"""

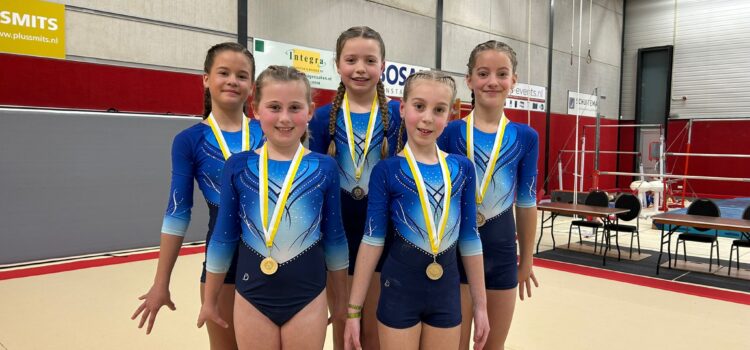 Goud, zilver, brons in Culemborg Goud, zilver, brons in Culemborg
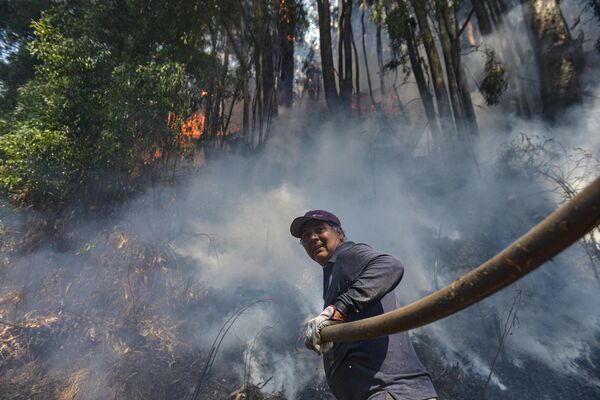 یک مرد داوطلب در حال خاموش کردن آتش در ال پاتاگوال، شیلی.    چهار آتش سوزی بزرگ در بخش جنوب مرکزی کشور رخ داده است   و بیش از7000 نفربی خانمان شدند. - اسپوتنیک ایران  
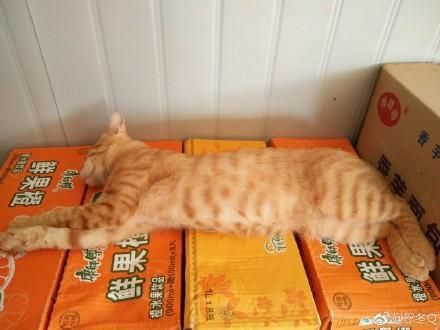 萌宠萌图第1467：热成一条猫，这个猫饼摊的我给满分！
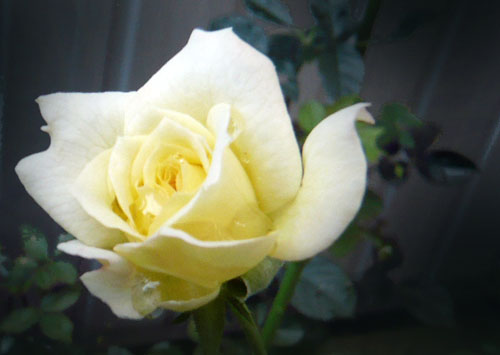 c0131544_16204445.jpg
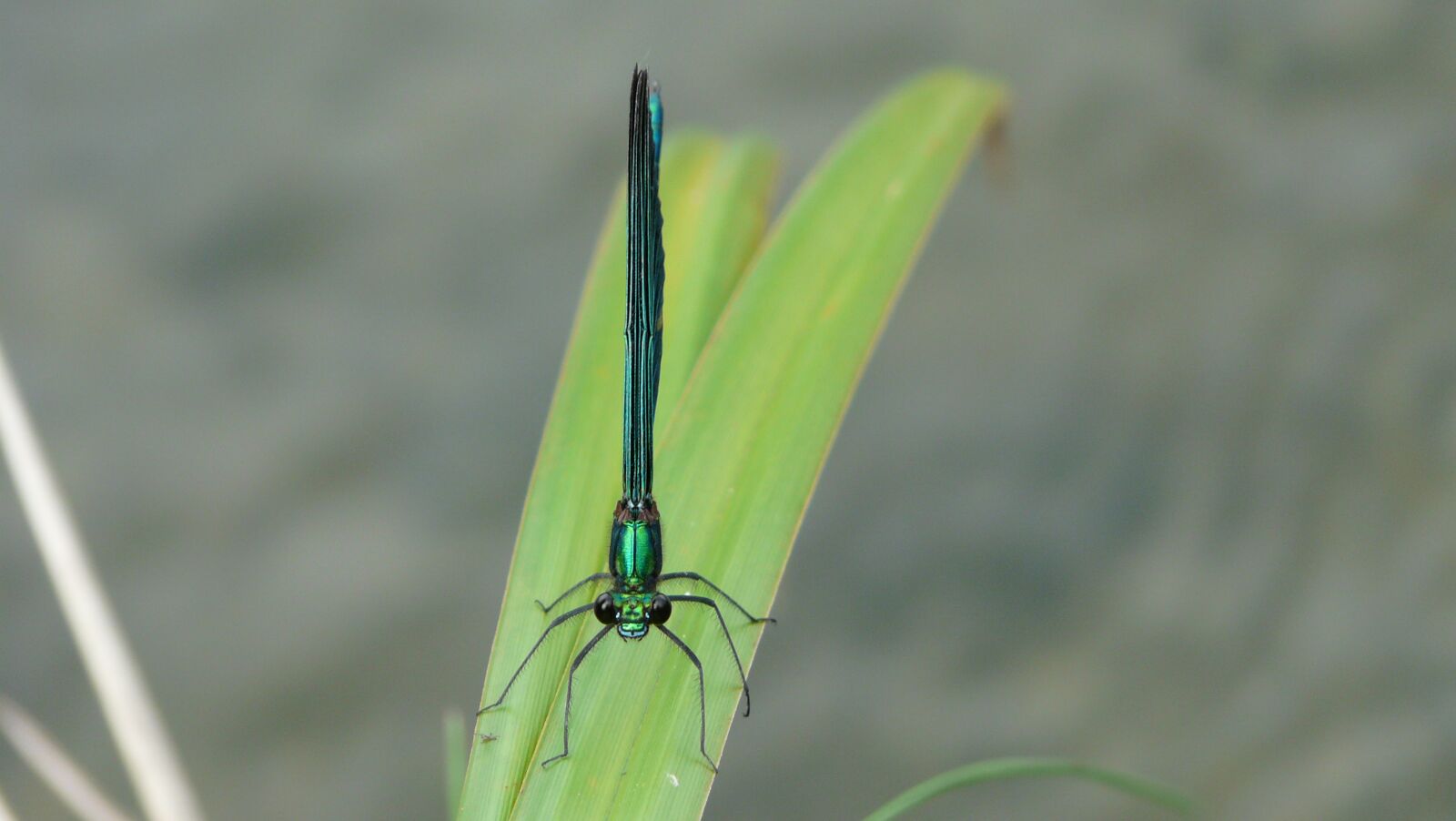 Panasonic DMC-FZ18 sample photo. Dragonfly, insect, macro photography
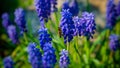 Mouse hyacinth in the spring garden Royalty Free Stock Photo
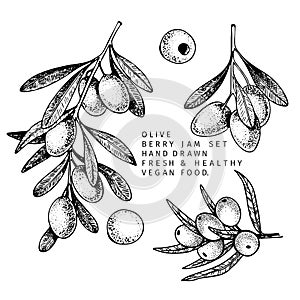 Hand drawn olive branch, leaf and berry. Engraved vector illustration. Oil agriculture plant. Summer harvest, cosmetic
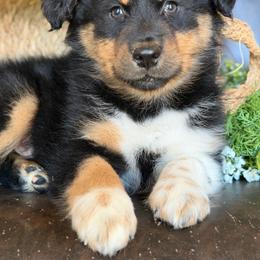 Gus-has tail-many videos - Black tri-color male Australian Shepherd puppy in Troy, South Carolina from Australian Shepherds of 3/W Farms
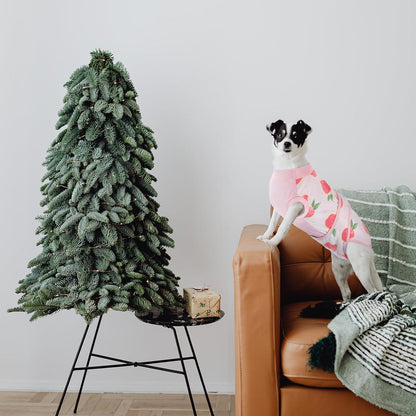 Hundebody Nach Op Kastration Rüde Hündin Atmungsaktiv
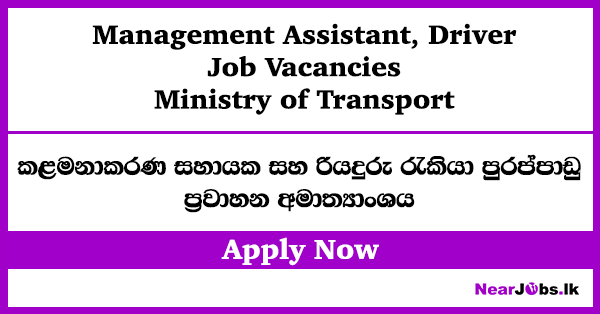 Management Assistant, Driver – Ministry of Transport Job Vacancies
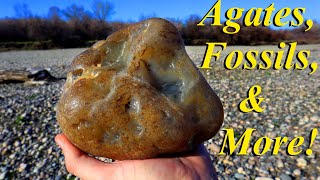 Agates Ammonites amp So Much More Fantastic Variety Rockhounding the Yellowstone River [upl. by Serg]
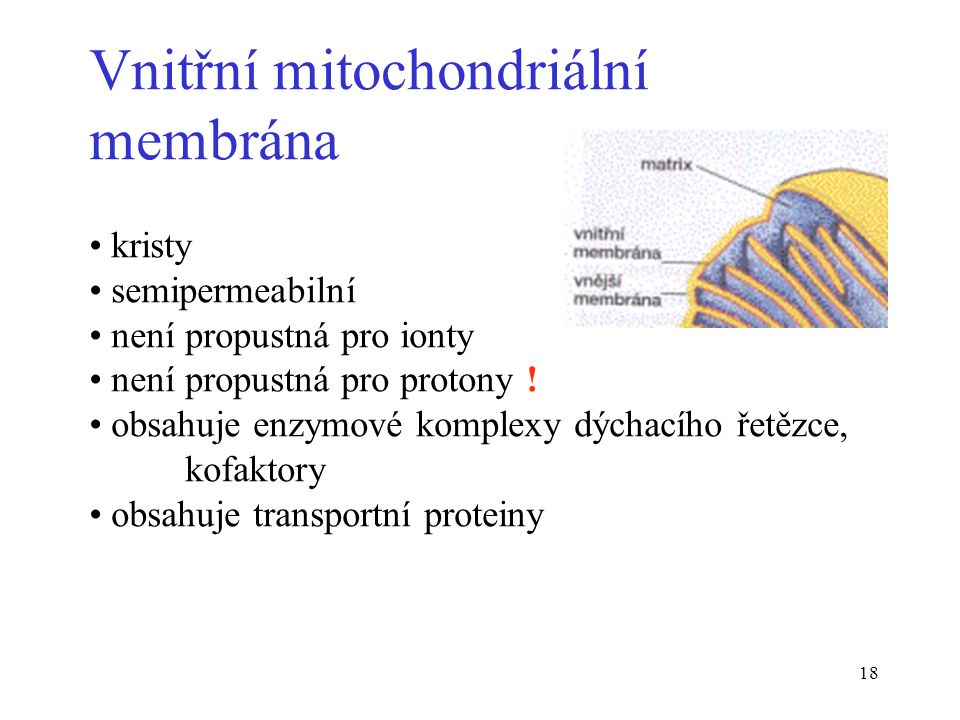 Vnitřní mitochondriální membrána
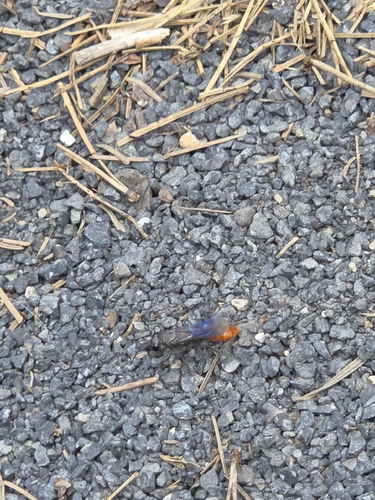 iNaturalist observation photo of Sphex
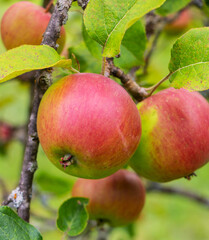 Sticker - Tasty red apples ripening on the tree in the garden on the sunset light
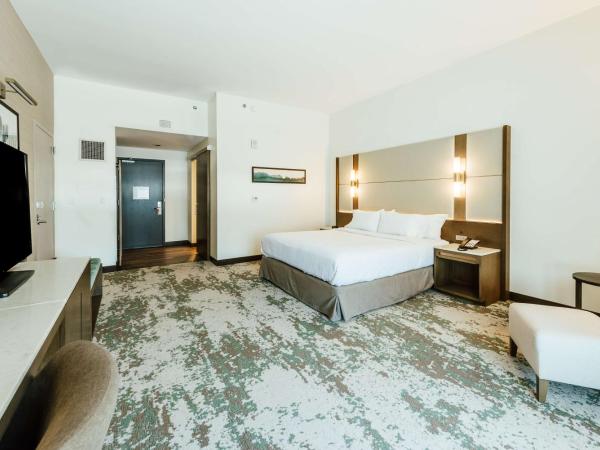 Hilton Garden Inn Denver Union Station : photo 4 de la chambre chambre lit king-size avec douche accessible en fauteuil roulant - adaptée aux personnes à mobilité réduite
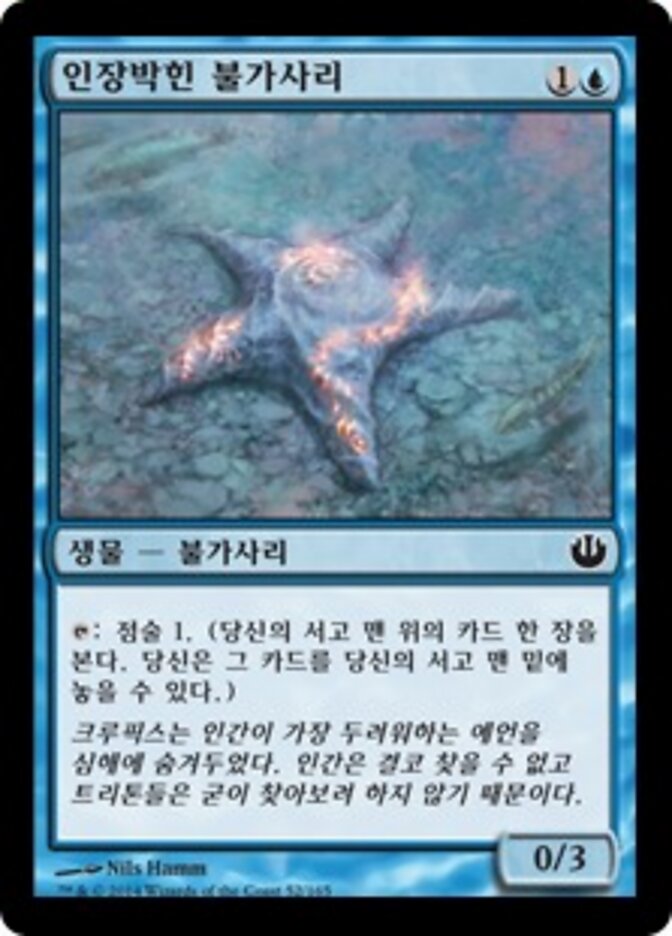 인장박힌 불가사리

"""

What you need to do: Take the lines from the one that contains "c0131544_16204445.jpg" down to the last line of the listing above, both included, and set them down exactly, leaving out pictures.

Task solution:
 c0131544_16204445.jpg
 Panasonic DMC-FZ18 sample photo. Dragonfly, insect, macro photography
 Mouse hyacinth in the spring garden Royalty Free Stock Photo
 Hand drawn olive branch, leaf and berry. Engraved vector illustration. Oil agriculture plant. Summer harvest, cosmetic
 Gus-has tail-many videos - Black tri-color male Australian Shepherd puppy in Troy, South Carolina from Australian Shepherds of 3/W Farms
 Hundebody Nach Op Kastration Rüde Hündin Atmungsaktiv
 Management Assistant, Driver – Ministry of Transport Job Vacancies
 Agates Ammonites amp So Much More Fantastic Variety Rockhounding the Yellowstone River [upl. by Serg]
 Vnitřní mitochondriální membrána
 iNaturalist observation photo of Sphex
 Sticker - Tasty red apples ripening on the tree in the garden on the sunset light
 Hilton Garden Inn Denver Union Station : photo 4 de la chambre chambre lit king-size avec douche accessible en fauteuil roulant - adaptée aux personnes à mobilité réduite
 인장박힌 불가사리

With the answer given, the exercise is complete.